Anthony Ozimic argues that we aren't attaching the correct moral status to human embryos

We could start by asking certain questions: Are embryonic stem cells stable enough for safe transplantation? Isn’t it wiser for investors to prefer adult stem cell research? Etc. There is, however, a more fundamental question to be answered first – what is the moral status of the human embryo?

Some would argue that human embryos aren’t persons and are therefore of a lower moral status, one which doesn’t confer the right to life. Surely this is just playing with words: those to be protected are given a certain designation (‘person’), which is then denied to some members of the group on the grounds that they don’t seem to be worth protecting or can’t defend themselves. We have to look beyond words to what makes us special. The main thing which distinguishes human beings is our rationality. That rationality is inherent in everyone, even though, like any faculty, it is not exercised by all people, all the time. Human embryos share our human nature, and have the capacity for rationality, even if they are, for a time, unable to exercise that capacity. Embryos are just as human whether their physical origin is through ordinary fertilisation, spontaneous twinning, or, as experience has shown, artificial processes.

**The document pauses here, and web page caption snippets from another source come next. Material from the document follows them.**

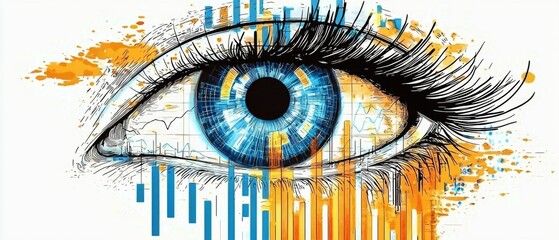 Abstract eye design featuring intricate iris details.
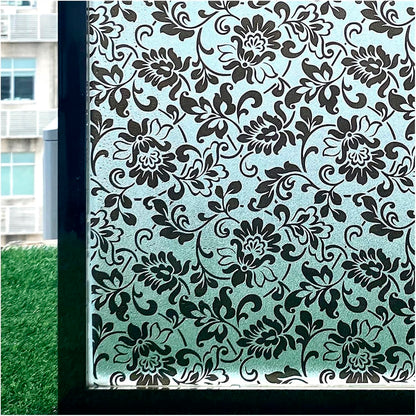 Papel Adhesivo Tipo Vitral Floral Negro De 2 mts x 90 mts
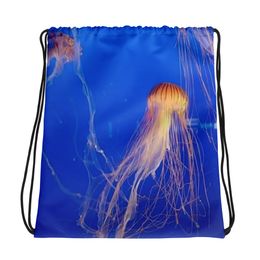 ZAG Orange Jellyfish Drawstring Bag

Attempts to relegate certain human beings (often on racial or ethnic lines) to a status of non-personhood have led to some of the most heinous abuses and extensive massacres in modern history. All human beings are equal in nature, and therefore it is not for one group of human beings to decide that another group of human beings are of lower moral status i.e. are not persons. One might argue that there is even less excuse in this case, since each of us is directly connected with the class of human beings concerned - we were all embryos once.

The person we are now is the same being as the embryo we once were. This cannot be said of the sperm or the egg, because alone they couldn't have developed into a human being. A sperm and an egg remain a ‘potential person’ (loosely speaking), a purely conjectural non-existence, until fertilisation, but then become a person with great potential. Personhood is in the embryo’s nature - if the embryo wasn’t already a person, it couldn’t become a person. Otherwise personhood would be a faculty, like consciousness, that can come and go. Anyone under general anaesthesia isn’t a person, and then becomes a person again when they come to!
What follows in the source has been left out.